For a number that is quoted very often in leading financial newspapers and used frequently by traders to move markets in either direction, very little reporting is done on the method of arriving the number. Below is the disclaimer that any report judging the economy’s strength on the IIP, should contain.

“The all India IIP is a composite indicator that measures the short-term changes in the volume of production of a basket of industrial products during a given period with respect to that in a chosen base period.” So in other words, the IIP is an abstract number which represents the magnitude of the production in the industrial sector for a given reference period. The IIP index published in India by the Central Statistics Office (CSO), however, only deals with registered manufacturing units. By definition this includes those manufacturing units that employ 10 or more workers and use power; and 20 or more workers but use no power. On an average, the entire manufacturing sectors accounts for 16% of India’s GDP. 10 percentage points of that comes from registered manufacturing units but 6 percentage points of that comes from the non-registered manufacturing units, which get ignored in the IIP calculation. Therefore, the indicator the market uses to gauge the manufacturing strength in India in fact ignores 37.5% of the manufacturing in the country.

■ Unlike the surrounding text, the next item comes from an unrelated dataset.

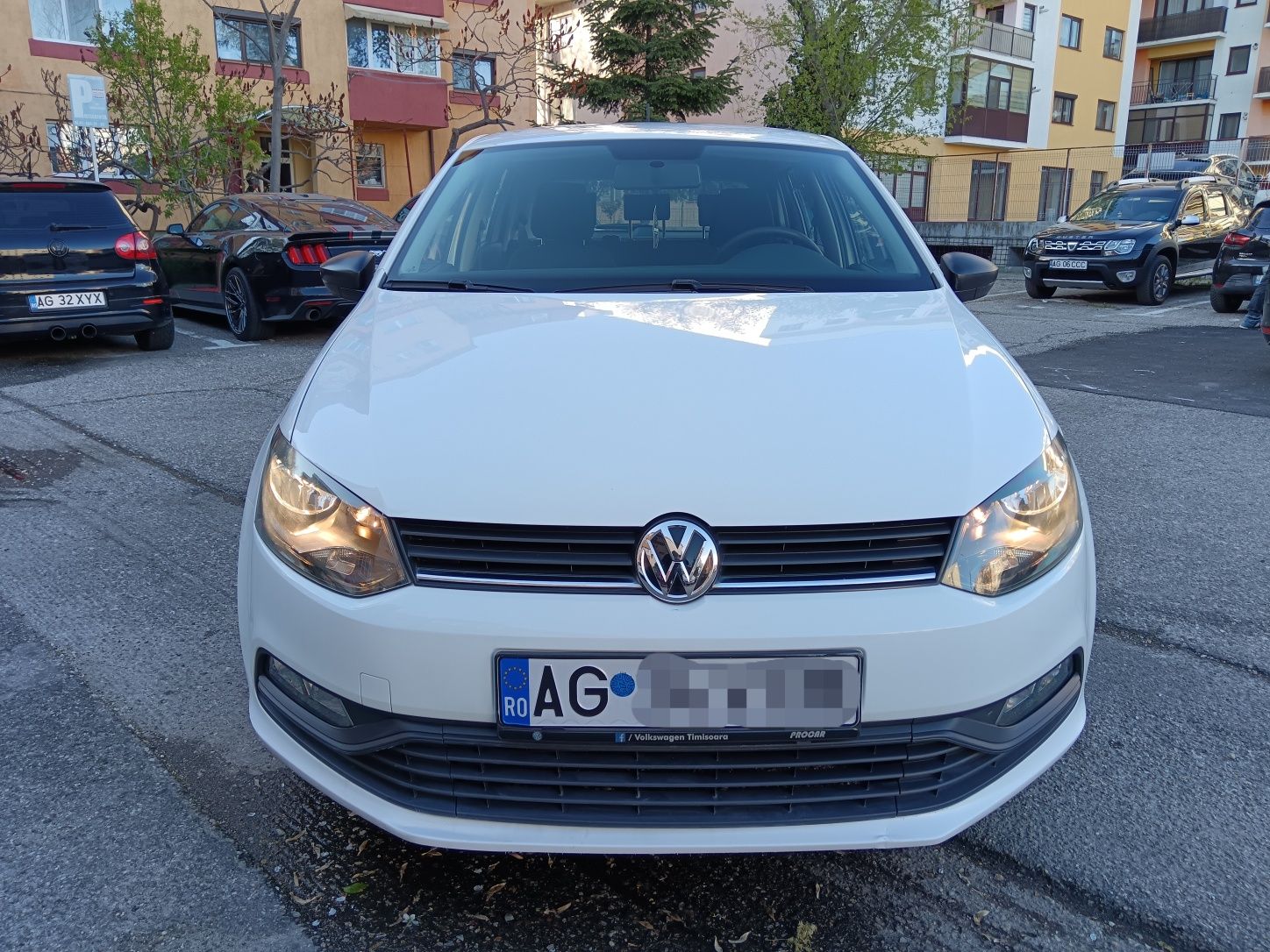 Volkswagen POLO , 2017 , 1.0 mpi , 77600 km reali , AC , proprietar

Also, the United Nations Statistics Division expanded the scope of the index to include Mining & Quarrying, Manufacturing, Electricity, Gas steam and Air-conditioning supply, Water supply, Sewerage, Waste management and Remediation activities. Due to constraints of the data availability and other resources, the present general index of industrial production compiled in India has in its scope limited to Mining, Manufacturing and Electricity sectors only. Thus of the 10 percentage points, a few registered manufacturing units are still not covered in the Index given the limited scope of the survey.

It is difficult for the CSO to standardize the data even within this limited scope. With 16 different sources contributing to the index, standardization of data collection across the nation becomes an even more of an impossible task.

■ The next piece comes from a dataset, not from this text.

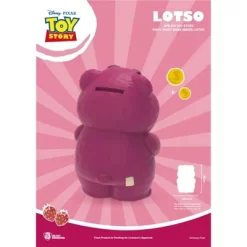 Disney Toy Story Vinyl Piggy Bank: Lotso (Piggy Bank) -Baby Land Shop GUEST aaf75f5f b8de 4c80 b7a0 6545e5387ba0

This difference in data collection could result in the index portraying a different picture of the ‘ground reality’ than the true facts. For example the sample size for data collection for the different components is decided by the respective source agency. The only guideline stated in the CSO handbook says, “Generally, efforts are made to cover all the major units”. The definition of major is however left up to the source agency and it has changed with time depending on whether the department is understaffed or overstaffed.

“The basic data used for compilation of the index is the production in terms of quantity. However, there are certain items especially capital goods such as Machinery, Machine Tools, Ship Building etc. on which the production data is furnished in value terms. In order to remove the effect of price rise from the index, the production figures of such items are deflated on the basis of Wholesale Price Indices (Base 2004-05), compiled by the Office of Economic Adviser, Ministry of Commerce and Industry, before compilation of index.”  This is yet another example of how the different sources of data can lead to discrepancies owing to differing methods of data collection.

Given the size of the undertaking, and the varying sectors covered by the index, it would be nearly impossible to conduct the operation without different sources. It is however the lack of standardization across departments and the consequent lack of data validation checks that require this to be highlighted as a glaring drawback in the quality of the data point released every month.

Before releasing the data, the CSO confirms the accuracy of the data points with the source agencies if there is a significant deviation from the data point in the previous month.  The underlined word in the previous sentence demonstrates the peril of using such an index.


The intention of this article is not to convince people to ignore the IIP numbers altogether but rather to provide a disclaimer for those ‘consuming’ this index. Put in a cliché manner, the intention is to provide one with the grain of salt to ‘consume’ this data with.